▶ PROBLEM DESCRIPTION
For the records below, output each line exactly as it appears, from the first through the line with "Reolink RLK8-520B2D2 5MP".

*** Opening of DATASET RECORDS ***

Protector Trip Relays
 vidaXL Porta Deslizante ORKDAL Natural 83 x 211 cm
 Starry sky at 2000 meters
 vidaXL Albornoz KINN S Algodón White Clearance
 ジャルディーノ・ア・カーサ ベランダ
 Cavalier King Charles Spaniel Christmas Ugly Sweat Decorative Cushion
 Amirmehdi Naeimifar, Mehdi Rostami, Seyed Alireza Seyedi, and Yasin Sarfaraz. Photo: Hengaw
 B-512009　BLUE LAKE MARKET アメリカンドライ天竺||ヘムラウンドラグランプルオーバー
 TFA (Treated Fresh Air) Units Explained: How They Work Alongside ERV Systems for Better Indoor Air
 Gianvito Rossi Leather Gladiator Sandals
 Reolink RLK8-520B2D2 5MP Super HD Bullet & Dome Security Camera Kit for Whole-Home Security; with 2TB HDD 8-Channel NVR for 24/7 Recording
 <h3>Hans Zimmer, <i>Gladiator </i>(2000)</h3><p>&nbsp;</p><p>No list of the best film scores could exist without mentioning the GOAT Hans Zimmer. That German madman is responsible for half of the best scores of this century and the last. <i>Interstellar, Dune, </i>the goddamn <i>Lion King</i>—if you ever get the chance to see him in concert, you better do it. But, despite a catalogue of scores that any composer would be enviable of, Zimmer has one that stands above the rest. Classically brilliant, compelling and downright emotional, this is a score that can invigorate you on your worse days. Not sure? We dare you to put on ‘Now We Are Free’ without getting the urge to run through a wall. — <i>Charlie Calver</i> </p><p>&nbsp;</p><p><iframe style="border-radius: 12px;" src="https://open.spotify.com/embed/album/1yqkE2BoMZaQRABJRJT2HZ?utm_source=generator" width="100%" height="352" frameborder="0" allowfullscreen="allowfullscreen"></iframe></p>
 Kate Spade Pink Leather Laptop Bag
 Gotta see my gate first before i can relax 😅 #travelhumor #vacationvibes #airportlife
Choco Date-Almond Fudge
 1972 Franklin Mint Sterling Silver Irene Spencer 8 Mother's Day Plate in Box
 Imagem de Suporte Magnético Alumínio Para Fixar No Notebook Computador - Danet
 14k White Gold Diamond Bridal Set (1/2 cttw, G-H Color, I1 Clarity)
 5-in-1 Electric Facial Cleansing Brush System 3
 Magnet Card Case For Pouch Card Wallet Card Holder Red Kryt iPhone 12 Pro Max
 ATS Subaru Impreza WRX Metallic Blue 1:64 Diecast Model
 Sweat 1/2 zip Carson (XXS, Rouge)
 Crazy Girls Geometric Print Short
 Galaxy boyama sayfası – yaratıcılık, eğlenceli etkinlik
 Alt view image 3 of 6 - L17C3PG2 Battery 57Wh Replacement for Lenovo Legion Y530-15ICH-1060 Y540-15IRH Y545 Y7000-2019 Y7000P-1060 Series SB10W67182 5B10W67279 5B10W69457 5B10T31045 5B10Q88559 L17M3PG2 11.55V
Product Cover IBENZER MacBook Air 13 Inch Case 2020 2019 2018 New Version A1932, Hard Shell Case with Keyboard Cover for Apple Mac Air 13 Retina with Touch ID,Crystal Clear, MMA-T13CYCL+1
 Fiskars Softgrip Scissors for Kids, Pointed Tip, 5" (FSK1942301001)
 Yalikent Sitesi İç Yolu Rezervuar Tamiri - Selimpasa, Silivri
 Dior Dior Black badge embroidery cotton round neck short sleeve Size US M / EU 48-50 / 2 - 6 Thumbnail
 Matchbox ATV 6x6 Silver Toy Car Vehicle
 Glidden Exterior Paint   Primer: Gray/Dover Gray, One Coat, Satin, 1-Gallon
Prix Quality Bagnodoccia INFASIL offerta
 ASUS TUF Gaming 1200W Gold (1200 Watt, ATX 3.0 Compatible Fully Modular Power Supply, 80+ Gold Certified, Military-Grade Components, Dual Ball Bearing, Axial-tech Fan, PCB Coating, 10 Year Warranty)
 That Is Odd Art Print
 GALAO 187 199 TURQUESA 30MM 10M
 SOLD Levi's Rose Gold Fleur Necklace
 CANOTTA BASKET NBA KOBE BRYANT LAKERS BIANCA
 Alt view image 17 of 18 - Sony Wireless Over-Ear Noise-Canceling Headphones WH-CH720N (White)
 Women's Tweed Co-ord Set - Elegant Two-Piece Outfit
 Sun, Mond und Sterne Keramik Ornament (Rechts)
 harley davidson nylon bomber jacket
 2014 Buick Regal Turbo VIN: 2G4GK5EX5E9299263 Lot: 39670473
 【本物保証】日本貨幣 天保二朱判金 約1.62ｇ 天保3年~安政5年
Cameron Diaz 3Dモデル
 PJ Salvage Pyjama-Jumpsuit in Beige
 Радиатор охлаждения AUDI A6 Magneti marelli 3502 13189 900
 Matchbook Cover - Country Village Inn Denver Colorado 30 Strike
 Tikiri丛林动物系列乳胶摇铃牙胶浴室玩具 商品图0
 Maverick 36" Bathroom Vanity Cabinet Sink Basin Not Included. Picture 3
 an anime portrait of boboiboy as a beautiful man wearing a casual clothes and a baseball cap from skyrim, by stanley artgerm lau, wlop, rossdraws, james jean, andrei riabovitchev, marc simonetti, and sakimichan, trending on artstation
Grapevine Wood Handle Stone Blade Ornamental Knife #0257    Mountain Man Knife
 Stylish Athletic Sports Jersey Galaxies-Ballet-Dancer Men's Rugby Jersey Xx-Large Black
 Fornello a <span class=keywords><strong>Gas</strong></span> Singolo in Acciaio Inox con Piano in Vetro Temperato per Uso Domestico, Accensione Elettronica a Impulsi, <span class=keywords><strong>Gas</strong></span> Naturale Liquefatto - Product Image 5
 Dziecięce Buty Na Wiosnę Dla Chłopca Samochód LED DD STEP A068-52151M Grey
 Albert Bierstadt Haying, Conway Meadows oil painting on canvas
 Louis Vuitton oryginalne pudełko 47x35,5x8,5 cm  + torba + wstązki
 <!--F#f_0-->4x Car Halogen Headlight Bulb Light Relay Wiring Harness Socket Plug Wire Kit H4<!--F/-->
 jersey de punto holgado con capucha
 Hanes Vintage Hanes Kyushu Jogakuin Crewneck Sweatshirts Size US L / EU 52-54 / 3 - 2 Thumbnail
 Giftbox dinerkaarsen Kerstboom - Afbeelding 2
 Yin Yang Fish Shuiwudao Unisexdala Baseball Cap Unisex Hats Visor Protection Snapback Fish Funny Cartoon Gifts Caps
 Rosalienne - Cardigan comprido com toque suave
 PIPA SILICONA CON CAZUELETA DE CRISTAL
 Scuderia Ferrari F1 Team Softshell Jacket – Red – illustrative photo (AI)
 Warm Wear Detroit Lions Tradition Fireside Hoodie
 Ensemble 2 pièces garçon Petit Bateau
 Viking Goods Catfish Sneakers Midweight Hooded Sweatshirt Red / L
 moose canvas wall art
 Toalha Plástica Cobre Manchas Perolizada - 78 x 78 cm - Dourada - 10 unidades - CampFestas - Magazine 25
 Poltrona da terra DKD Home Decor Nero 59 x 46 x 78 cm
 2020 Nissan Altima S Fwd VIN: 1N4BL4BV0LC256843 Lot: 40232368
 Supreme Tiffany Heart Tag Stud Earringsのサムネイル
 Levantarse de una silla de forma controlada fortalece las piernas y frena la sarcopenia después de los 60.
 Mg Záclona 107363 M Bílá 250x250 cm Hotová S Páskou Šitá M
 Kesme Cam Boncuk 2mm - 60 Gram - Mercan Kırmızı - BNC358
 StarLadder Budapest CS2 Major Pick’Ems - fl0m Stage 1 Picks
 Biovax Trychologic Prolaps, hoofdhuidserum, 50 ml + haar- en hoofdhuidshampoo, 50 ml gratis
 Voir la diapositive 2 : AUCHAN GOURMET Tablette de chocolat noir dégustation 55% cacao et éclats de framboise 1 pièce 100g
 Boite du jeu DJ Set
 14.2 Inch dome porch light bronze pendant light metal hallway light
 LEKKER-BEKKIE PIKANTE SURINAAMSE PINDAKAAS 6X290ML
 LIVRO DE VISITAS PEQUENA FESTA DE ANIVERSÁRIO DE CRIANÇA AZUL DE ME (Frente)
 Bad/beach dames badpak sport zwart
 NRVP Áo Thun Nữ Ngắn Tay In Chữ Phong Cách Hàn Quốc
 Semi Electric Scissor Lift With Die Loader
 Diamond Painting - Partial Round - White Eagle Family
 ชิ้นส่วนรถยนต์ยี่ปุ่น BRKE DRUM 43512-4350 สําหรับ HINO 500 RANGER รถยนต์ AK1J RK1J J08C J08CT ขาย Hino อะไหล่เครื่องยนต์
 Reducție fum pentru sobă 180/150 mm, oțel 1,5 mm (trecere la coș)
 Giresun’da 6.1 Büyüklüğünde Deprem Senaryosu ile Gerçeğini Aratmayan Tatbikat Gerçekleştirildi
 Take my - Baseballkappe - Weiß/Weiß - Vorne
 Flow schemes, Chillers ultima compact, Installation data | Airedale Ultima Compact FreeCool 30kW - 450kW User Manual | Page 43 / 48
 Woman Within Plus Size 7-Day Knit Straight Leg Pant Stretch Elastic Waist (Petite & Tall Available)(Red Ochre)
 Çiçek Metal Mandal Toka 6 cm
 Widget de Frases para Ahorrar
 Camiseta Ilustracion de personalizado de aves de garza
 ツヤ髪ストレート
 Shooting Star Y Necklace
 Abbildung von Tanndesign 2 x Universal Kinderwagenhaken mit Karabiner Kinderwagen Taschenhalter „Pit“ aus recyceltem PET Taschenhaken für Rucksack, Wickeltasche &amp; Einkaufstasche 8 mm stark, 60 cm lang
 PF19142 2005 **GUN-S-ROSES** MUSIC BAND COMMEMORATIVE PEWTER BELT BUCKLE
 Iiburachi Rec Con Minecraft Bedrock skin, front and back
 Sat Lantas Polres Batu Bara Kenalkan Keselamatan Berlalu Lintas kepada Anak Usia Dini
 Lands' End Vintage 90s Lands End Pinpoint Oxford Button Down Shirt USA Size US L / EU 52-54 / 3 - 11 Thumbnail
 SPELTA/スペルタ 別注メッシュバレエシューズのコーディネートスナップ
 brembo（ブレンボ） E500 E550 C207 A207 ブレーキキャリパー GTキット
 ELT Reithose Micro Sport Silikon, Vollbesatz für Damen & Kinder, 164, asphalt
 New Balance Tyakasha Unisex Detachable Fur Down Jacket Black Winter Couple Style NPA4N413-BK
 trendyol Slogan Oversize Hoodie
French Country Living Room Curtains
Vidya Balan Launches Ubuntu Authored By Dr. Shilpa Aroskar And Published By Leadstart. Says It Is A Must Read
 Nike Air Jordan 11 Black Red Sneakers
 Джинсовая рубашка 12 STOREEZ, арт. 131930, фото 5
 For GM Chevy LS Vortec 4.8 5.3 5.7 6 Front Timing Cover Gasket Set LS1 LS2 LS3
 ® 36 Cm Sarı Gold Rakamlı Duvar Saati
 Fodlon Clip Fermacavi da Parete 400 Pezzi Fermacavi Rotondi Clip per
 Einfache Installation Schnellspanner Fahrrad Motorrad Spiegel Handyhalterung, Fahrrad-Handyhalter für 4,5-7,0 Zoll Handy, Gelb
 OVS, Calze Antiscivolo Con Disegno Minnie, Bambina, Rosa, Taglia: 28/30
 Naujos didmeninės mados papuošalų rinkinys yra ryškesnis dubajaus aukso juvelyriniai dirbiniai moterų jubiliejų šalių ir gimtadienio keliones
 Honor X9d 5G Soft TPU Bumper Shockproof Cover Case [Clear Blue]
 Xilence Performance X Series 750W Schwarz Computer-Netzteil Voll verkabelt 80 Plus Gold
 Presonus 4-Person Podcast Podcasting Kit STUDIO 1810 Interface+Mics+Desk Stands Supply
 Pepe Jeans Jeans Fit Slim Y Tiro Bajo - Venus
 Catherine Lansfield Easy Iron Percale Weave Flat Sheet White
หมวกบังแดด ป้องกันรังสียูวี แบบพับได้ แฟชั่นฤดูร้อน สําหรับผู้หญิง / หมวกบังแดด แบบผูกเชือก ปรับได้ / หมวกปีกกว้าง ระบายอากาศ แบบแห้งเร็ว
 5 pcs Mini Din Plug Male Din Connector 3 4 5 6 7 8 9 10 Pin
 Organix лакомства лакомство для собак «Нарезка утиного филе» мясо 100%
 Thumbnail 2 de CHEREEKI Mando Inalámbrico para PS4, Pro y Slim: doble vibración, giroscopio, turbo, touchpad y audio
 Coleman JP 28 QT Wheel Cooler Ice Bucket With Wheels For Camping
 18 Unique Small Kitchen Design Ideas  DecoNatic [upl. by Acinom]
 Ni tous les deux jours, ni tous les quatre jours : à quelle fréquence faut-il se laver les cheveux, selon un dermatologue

*** Close of DATASET RECORDS ***

▶ RESULT BELOW
Protector Trip Relays
 vidaXL Porta Deslizante ORKDAL Natural 83 x 211 cm
 Starry sky at 2000 meters
 vidaXL Albornoz KINN S Algodón White Clearance
 ジャルディーノ・ア・カーサ ベランダ
 Cavalier King Charles Spaniel Christmas Ugly Sweat Decorative Cushion
 Amirmehdi Naeimifar, Mehdi Rostami, Seyed Alireza Seyedi, and Yasin Sarfaraz. Photo: Hengaw
 B-512009　BLUE LAKE MARKET アメリカンドライ天竺||ヘムラウンドラグランプルオーバー
 TFA (Treated Fresh Air) Units Explained: How They Work Alongside ERV Systems for Better Indoor Air
 Gianvito Rossi Leather Gladiator Sandals
 Reolink RLK8-520B2D2 5MP Super HD Bullet & Dome Security Camera Kit for Whole-Home Security; with 2TB HDD 8-Channel NVR for 24/7 Recording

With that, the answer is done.